## What this task involves
Transcribe the data as written, minus images.

[Provided data]

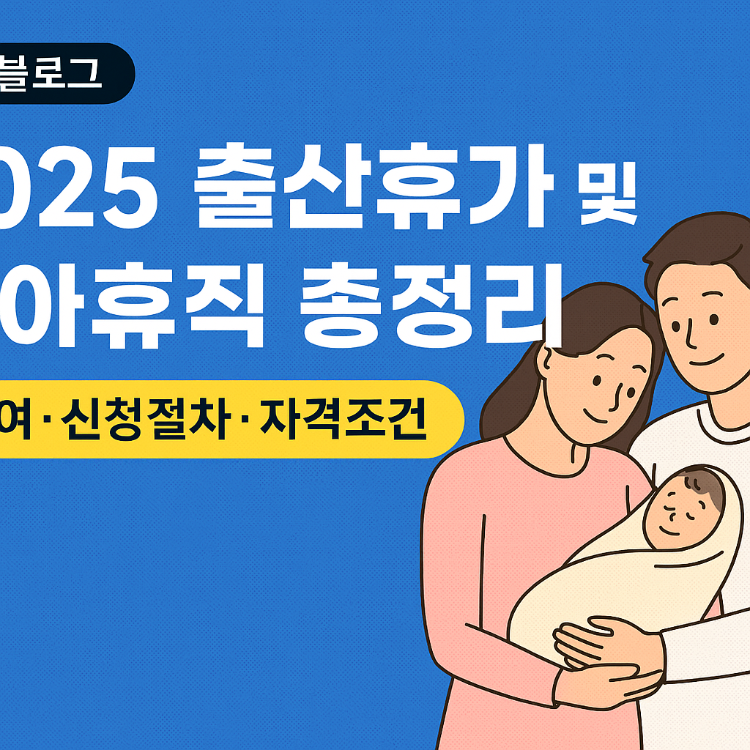 2025 출산휴가 및 육아휴직 총정리 (급여&middot;신청절차&middot;자격조건)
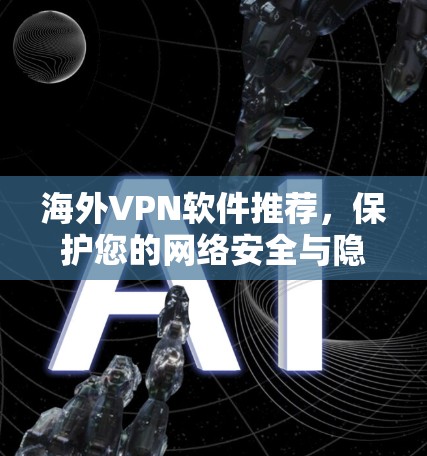 海外<strong>VPN软件</strong>推荐,保护您的网络安全与隐私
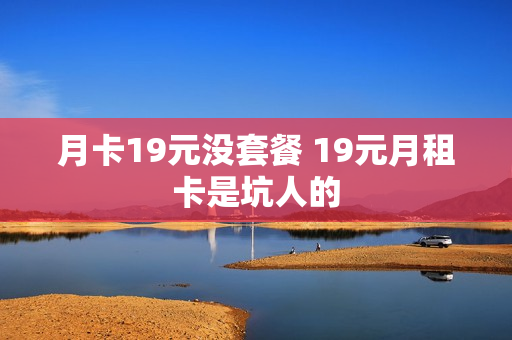 月卡19元没套餐 19元月租卡是坑人的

[/Provided data]

## Your response
 2025 출산휴가 및 육아휴직 총정리 (급여&middot;신청절차&middot;자격조건)
 海外<strong>VPN软件</strong>推荐,保护您的网络安全与隐私
 月卡19元没套餐 19元月租卡是坑人的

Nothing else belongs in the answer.